One of my greatest struggles this week, besides seeing Gene so debilitated and feeling so helpless, is what does “the end” mean, between remaking an immune system and all the aggressive life-saving measures that an ICU can use? How do you know when enough is enough? How do you carve out a piece of peace?

Patty and Jim left yesterday, but continue to bear the incredible emotional burden we’ve shared these five months. I am so fortunate, and so grateful that they could be my family through this, and so glad they can return to pick up their lives at last. My sister Esther is here with me now, maintaining a lifeline to home. She always finds a positive way to look at some aspect of these non-stop assaults Gene is enduring, and that helps keeps a bit of sanity afloat.

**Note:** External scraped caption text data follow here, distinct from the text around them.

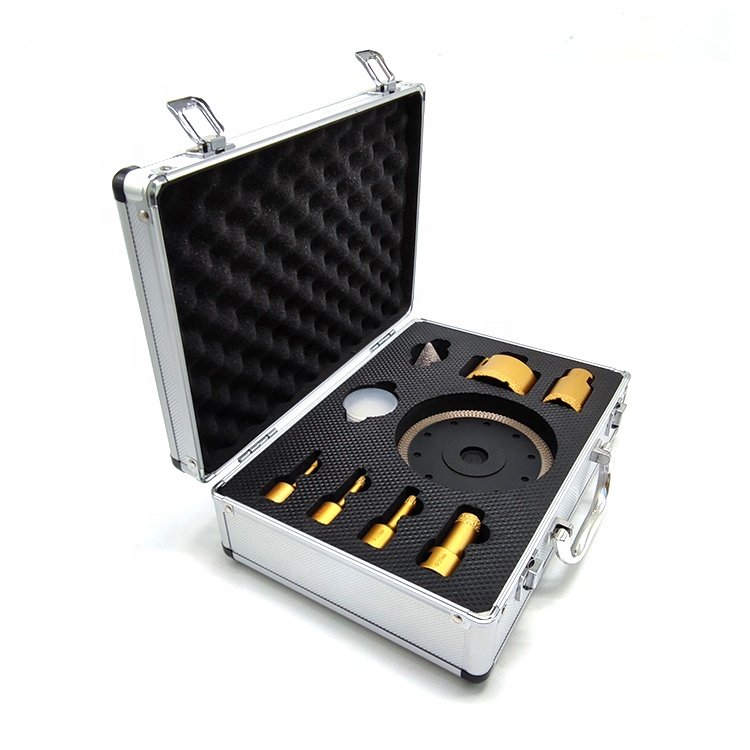 6mm DEYI OEM M14 5/8-11 6mm-130mm tile rock granite marble ceramic concrete diamond set of drills for use Angle grinder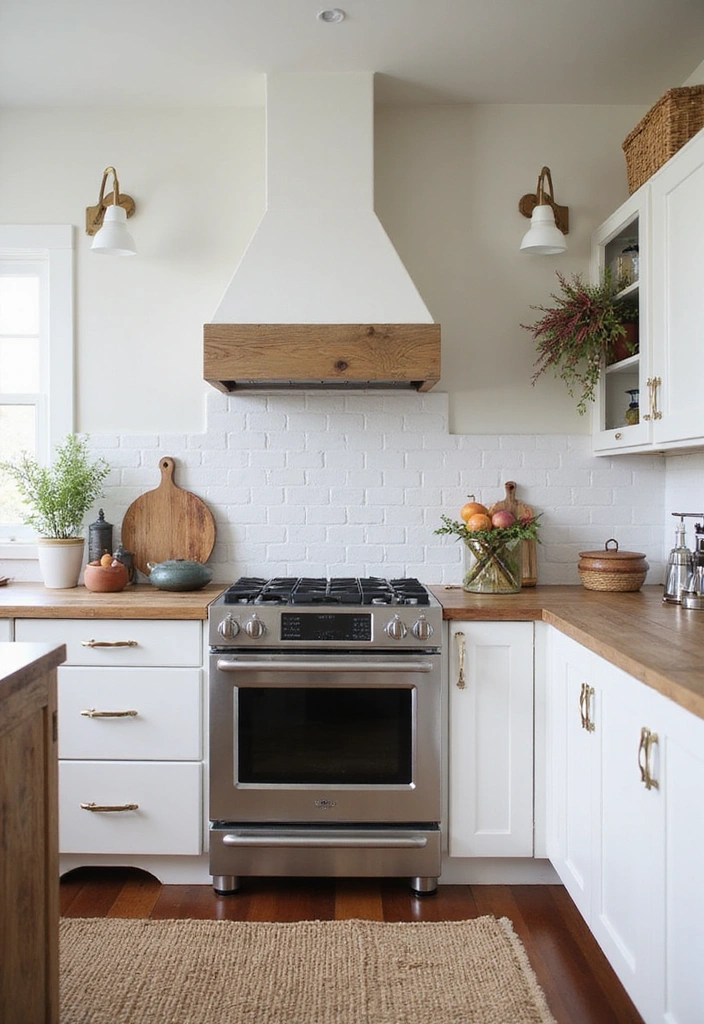 20 Sleek Kitchens with Built-In Appliances That Blend Beautifully - 16. Chic Farmhouse Style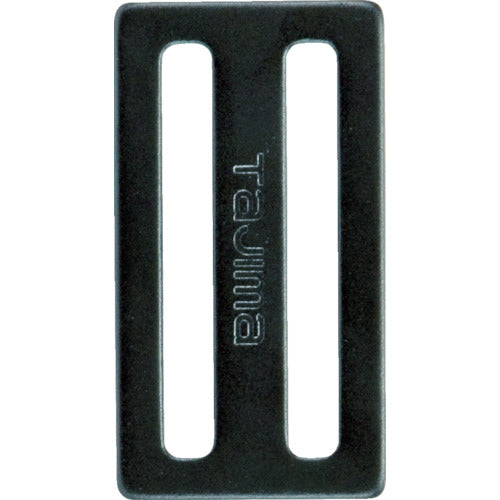 タジマ　Ｄ環止め（アルミ２穴）ブラック　TA-AD2BK　1 個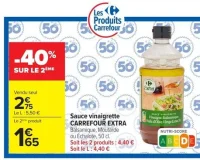 Sauce vinaigrette CARREFOUR EXTRA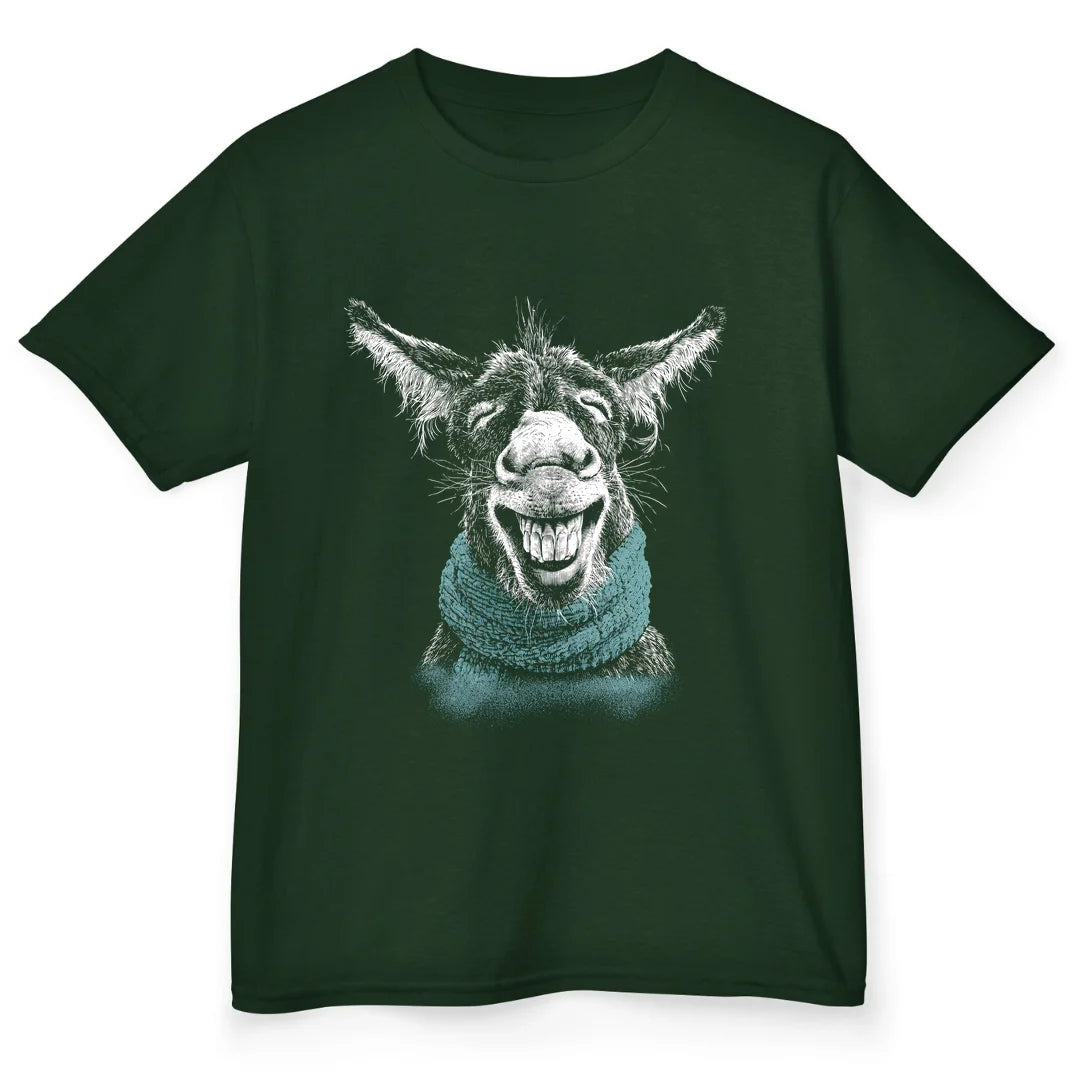 Scarf Donkey - Forest Green
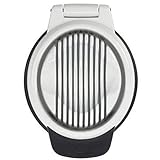 OXO Good Grips Eierschneider – spülmaschinenfestes Küchengerät zum schnellen und einfachen Schneiden von hartgekochten Eiern – schwarz/weiß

So, the good news: He is off the ventilator and breathing on his own with significant but non-invasive support. His only real pain, he says, is when they have to move him every few hours, and when they have to clean his skin. He told me that he is not really suffering that much. He can talk, and now swallow under therapist supervision. He seems more alert, and stronger than he was when in came in to the ICU eight days ago. He has good spirit and wants to continue to fight. We can still communicate our love for each other. He has a tremendous network of prayer and love. His mouth is healed enough that he smiled today.

We will both emerge from this as changed beings, though it is not clear when or what that may look like.